=== What you are asked to do ===
Without changing a single character, write out every record below.

=== Data records ===
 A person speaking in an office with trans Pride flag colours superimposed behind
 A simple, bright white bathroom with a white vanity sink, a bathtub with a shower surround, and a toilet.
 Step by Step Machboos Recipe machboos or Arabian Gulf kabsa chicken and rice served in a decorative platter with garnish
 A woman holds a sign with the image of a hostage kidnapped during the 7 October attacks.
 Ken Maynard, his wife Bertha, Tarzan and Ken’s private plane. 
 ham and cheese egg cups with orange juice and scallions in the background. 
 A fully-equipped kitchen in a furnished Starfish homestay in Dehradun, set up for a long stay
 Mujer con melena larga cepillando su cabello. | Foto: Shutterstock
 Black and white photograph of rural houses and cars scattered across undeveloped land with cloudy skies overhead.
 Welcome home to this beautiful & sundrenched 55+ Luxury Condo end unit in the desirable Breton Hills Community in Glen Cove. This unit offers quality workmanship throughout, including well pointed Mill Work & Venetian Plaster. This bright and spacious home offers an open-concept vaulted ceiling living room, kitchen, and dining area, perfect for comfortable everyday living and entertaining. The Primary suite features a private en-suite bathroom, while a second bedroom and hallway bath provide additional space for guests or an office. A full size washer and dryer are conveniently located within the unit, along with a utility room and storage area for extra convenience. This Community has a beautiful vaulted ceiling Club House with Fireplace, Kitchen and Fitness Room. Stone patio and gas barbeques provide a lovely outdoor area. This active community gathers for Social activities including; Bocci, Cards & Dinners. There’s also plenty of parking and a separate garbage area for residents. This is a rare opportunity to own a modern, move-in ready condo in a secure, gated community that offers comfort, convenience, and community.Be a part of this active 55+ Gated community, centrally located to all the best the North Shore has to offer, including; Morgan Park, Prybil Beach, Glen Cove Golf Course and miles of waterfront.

=== Completed task ===
 A person speaking in an office with trans Pride flag colours superimposed behind
 A simple, bright white bathroom with a white vanity sink, a bathtub with a shower surround, and a toilet.
 Step by Step Machboos Recipe machboos or Arabian Gulf kabsa chicken and rice served in a decorative platter with garnish
 A woman holds a sign with the image of a hostage kidnapped during the 7 October attacks.
 Ken Maynard, his wife Bertha, Tarzan and Ken’s private plane. 
 ham and cheese egg cups with orange juice and scallions in the background. 
 A fully-equipped kitchen in a furnished Starfish homestay in Dehradun, set up for a long stay
 Mujer con melena larga cepillando su cabello. | Foto: Shutterstock
 Black and white photograph of rural houses and cars scattered across undeveloped land with cloudy skies overhead.
 Welcome home to this beautiful & sundrenched 55+ Luxury Condo end unit in the desirable Breton Hills Community in Glen Cove. This unit offers quality workmanship throughout, including well pointed Mill Work & Venetian Plaster. This bright and spacious home offers an open-concept vaulted ceiling living room, kitchen, and dining area, perfect for comfortable everyday living and entertaining. The Primary suite features a private en-suite bathroom, while a second bedroom and hallway bath provide additional space for guests or an office. A full size washer and dryer are conveniently located within the unit, along with a utility room and storage area for extra convenience. This Community has a beautiful vaulted ceiling Club House with Fireplace, Kitchen and Fitness Room. Stone patio and gas barbeques provide a lovely outdoor area. This active community gathers for Social activities including; Bocci, Cards & Dinners. There’s also plenty of parking and a separate garbage area for residents. This is a rare opportunity to own a modern, move-in ready condo in a secure, gated community that offers comfort, convenience, and community.Be a part of this active 55+ Gated community, centrally located to all the best the North Shore has to offer, including; Morgan Park, Prybil Beach, Glen Cove Golf Course and miles of waterfront.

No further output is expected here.